30 % é quanto, segundo o projectista João Madeira, representam as infecções de origem pulmonar do total das infecções hospitalares e que se propagam por via aérea.

Dualidade na legislação?

A legislação existe, mas a necessidade de actualização das recomendações em vigor é consensual. Embora sem carácter vinculativo, as linhas de orientação para o projecto de novas instalações em unidades de saúde da autoria da Administração Central do Sistema de Saúde (ACSS) remontam a 2008. Sem força de Lei e desactualizadas, estas especificações técnicas já não servem, denunciam os gestores hospitalares. É que, embora tenham tido uma revisão insuficiente em 2014, é nestas recomendações que as entidades licenciadoras se estão a basear.
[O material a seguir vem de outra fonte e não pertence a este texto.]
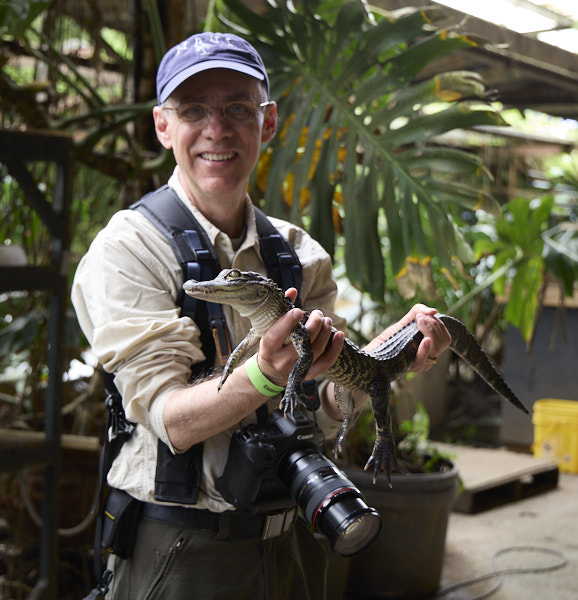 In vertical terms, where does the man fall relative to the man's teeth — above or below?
below

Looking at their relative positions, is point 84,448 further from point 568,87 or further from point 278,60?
point 568,87

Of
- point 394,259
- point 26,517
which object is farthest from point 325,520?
point 26,517

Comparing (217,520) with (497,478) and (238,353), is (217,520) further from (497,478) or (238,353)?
(497,478)

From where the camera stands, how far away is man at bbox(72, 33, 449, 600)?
4.00ft

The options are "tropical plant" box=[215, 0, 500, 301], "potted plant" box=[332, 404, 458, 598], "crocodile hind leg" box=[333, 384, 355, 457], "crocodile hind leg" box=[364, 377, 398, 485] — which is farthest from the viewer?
"potted plant" box=[332, 404, 458, 598]

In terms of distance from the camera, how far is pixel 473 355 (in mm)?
1350

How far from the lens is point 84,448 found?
9.68 feet

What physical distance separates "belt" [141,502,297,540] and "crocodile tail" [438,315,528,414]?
0.43m

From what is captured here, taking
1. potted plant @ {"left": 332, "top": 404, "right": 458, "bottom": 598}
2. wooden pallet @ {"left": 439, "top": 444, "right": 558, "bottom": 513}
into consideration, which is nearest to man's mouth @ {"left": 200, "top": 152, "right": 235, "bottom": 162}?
potted plant @ {"left": 332, "top": 404, "right": 458, "bottom": 598}

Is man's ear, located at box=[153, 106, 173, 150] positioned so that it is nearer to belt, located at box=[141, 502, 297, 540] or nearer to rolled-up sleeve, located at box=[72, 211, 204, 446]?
rolled-up sleeve, located at box=[72, 211, 204, 446]

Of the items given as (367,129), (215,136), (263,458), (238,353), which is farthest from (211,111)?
(367,129)

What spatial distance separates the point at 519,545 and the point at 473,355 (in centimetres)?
268

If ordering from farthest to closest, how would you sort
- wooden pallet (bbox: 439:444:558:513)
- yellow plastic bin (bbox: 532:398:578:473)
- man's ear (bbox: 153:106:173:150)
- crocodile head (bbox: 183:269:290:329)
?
yellow plastic bin (bbox: 532:398:578:473) → wooden pallet (bbox: 439:444:558:513) → man's ear (bbox: 153:106:173:150) → crocodile head (bbox: 183:269:290:329)

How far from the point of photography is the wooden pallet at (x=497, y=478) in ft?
13.5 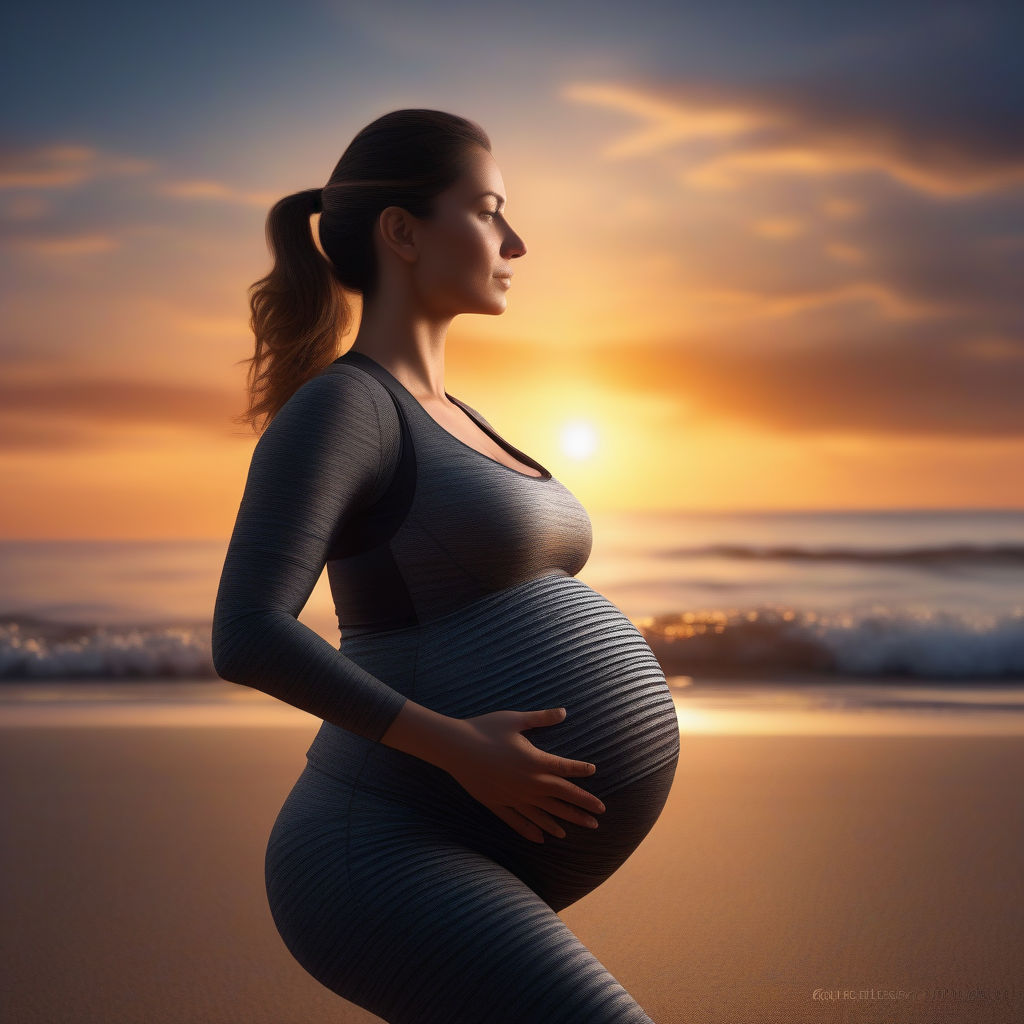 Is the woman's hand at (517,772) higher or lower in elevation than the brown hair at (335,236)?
lower

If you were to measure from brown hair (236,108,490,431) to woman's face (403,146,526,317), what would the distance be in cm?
2

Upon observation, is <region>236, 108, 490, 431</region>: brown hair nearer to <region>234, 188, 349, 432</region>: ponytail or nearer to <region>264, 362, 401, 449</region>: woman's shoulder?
<region>234, 188, 349, 432</region>: ponytail

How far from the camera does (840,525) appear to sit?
503 inches

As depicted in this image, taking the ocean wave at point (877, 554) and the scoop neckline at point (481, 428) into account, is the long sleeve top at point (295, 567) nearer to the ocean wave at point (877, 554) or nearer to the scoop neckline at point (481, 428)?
the scoop neckline at point (481, 428)

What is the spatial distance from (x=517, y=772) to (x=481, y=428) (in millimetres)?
496

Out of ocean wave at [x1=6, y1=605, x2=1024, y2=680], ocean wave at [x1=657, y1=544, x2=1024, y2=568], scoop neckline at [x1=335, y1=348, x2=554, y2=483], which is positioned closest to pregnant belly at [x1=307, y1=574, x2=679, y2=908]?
scoop neckline at [x1=335, y1=348, x2=554, y2=483]

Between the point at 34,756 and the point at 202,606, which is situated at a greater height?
the point at 202,606

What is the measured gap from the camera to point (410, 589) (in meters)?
1.14

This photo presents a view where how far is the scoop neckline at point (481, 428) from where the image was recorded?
1205 mm

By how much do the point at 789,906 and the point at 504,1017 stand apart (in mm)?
1709

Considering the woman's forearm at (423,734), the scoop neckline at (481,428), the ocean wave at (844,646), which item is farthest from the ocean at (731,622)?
the woman's forearm at (423,734)

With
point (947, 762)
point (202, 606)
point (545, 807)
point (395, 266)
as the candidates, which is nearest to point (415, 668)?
point (545, 807)

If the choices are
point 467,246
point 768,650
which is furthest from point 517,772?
point 768,650

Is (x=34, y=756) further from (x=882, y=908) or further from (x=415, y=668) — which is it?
(x=415, y=668) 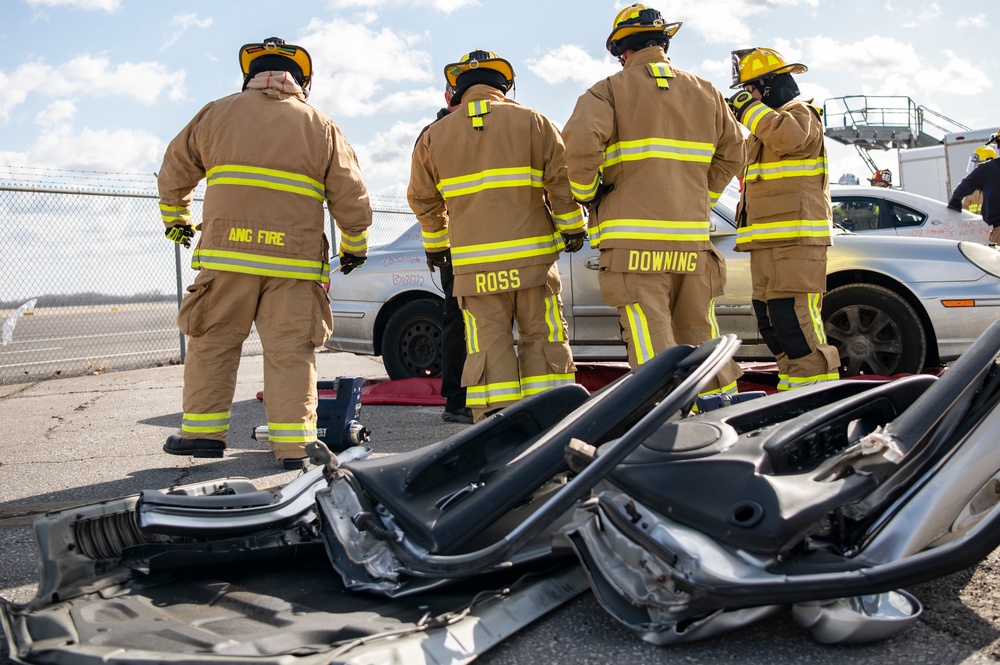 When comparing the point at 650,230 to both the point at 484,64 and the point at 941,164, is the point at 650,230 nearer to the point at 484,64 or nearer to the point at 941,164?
the point at 484,64

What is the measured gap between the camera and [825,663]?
189 cm

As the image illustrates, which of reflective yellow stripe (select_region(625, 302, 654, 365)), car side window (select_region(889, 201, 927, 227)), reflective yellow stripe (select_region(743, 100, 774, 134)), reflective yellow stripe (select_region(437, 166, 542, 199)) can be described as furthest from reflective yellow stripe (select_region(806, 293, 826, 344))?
car side window (select_region(889, 201, 927, 227))

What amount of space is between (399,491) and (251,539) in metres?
0.49

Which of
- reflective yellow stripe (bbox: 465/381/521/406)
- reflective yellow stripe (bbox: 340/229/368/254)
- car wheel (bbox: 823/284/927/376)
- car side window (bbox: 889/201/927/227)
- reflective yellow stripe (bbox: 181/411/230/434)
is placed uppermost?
car side window (bbox: 889/201/927/227)

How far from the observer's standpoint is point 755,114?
195 inches

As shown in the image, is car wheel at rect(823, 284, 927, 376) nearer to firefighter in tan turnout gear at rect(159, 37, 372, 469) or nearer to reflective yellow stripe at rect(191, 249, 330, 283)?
firefighter in tan turnout gear at rect(159, 37, 372, 469)

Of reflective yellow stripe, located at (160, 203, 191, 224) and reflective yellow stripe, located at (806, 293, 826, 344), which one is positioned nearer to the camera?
reflective yellow stripe, located at (160, 203, 191, 224)

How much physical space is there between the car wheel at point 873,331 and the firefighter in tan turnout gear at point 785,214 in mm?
607

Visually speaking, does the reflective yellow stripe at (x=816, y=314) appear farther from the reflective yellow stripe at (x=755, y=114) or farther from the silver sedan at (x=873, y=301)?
the reflective yellow stripe at (x=755, y=114)

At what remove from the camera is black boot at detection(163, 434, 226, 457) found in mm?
4238

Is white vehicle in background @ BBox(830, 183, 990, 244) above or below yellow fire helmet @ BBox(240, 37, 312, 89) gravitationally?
below

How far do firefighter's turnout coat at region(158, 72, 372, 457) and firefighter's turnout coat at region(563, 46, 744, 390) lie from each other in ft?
4.58

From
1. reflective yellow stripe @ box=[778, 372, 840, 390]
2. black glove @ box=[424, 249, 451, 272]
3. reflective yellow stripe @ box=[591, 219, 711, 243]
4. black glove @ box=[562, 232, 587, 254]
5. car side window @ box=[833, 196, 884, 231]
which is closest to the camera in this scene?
reflective yellow stripe @ box=[591, 219, 711, 243]

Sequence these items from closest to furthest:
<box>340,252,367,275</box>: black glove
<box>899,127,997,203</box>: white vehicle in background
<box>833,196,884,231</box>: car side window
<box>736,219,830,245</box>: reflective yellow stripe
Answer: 1. <box>340,252,367,275</box>: black glove
2. <box>736,219,830,245</box>: reflective yellow stripe
3. <box>833,196,884,231</box>: car side window
4. <box>899,127,997,203</box>: white vehicle in background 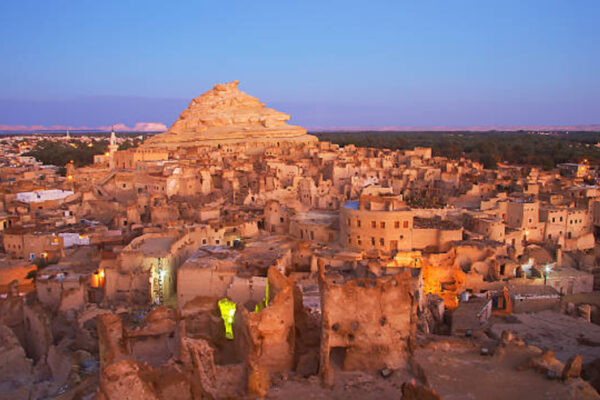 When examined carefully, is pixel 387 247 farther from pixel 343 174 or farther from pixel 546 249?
pixel 343 174

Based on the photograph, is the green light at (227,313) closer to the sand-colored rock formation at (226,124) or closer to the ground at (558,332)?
the ground at (558,332)

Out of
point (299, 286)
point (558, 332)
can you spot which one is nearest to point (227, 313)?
point (299, 286)

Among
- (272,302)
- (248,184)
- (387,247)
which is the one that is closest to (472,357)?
(272,302)

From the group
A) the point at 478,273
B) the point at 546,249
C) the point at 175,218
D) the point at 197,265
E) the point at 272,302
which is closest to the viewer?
the point at 272,302

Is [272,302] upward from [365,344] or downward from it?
upward

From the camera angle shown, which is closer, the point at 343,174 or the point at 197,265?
the point at 197,265

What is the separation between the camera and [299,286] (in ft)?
56.6

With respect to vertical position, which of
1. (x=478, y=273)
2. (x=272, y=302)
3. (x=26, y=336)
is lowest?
(x=26, y=336)

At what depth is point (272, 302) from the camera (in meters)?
12.4

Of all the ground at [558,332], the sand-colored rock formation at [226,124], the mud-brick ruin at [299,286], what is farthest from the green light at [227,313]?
the sand-colored rock formation at [226,124]

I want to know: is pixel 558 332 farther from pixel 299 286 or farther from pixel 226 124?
pixel 226 124

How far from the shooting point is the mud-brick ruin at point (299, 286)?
11.6m

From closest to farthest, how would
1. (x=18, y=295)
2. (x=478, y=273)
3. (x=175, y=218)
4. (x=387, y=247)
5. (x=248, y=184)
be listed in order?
1. (x=18, y=295)
2. (x=478, y=273)
3. (x=387, y=247)
4. (x=175, y=218)
5. (x=248, y=184)

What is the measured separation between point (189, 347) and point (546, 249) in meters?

Francisco Brito lembra que existe um conjunto de Portarias, com força de Lei, aplicáveis unicamente a unidades de saúde privadas, com requisitos, por vezes, distintos dos definidos nestas especificações técnicas da ACSS e, para este técnico, “esta dualidade é incompreensível”.

Embora considere a legislação suficiente para o sector, Olandino Caliço defende que “faz sentido adaptar uma estratégia para a QAI nos hospitais”. Por outro lado, refere ainda que existem muitas especificações para os projectos de AVAC. E, como tal, nem todos os projectos e instalações de AVAC em hospitais são os melhores. “Mas não é por falta de recomendações e normas que os projectos não são bem feitos e as instalações não são as melhores”.

Para João Madeira, a legislação deve servir para delimitar e não limitar. Este projectista defende que deve existir legislação para definir quem pode executar serviços na área do AVAC (projecto, instalação, manutenção ou gestão). “Já existe alguma legislação nesta matéria, mas penso que devia ser mais exigente e muitas vezes não é aplicada (mas esse é outro problema). É fundamental existir a responsabilização do projectista, mas esta deverá ser acompanhada por honorários em consonância. Tem sido essa uma dificuldade? E, neste momento, faz sentido mudar de estratégia, quando não há estratégia? Penso que as entidades licenciadoras devem ser enriquecidas em matéria humana competente e desenvolverem documentação capaz e actualizada que dê ao projectista as directrizes (guidelines) necessárias”.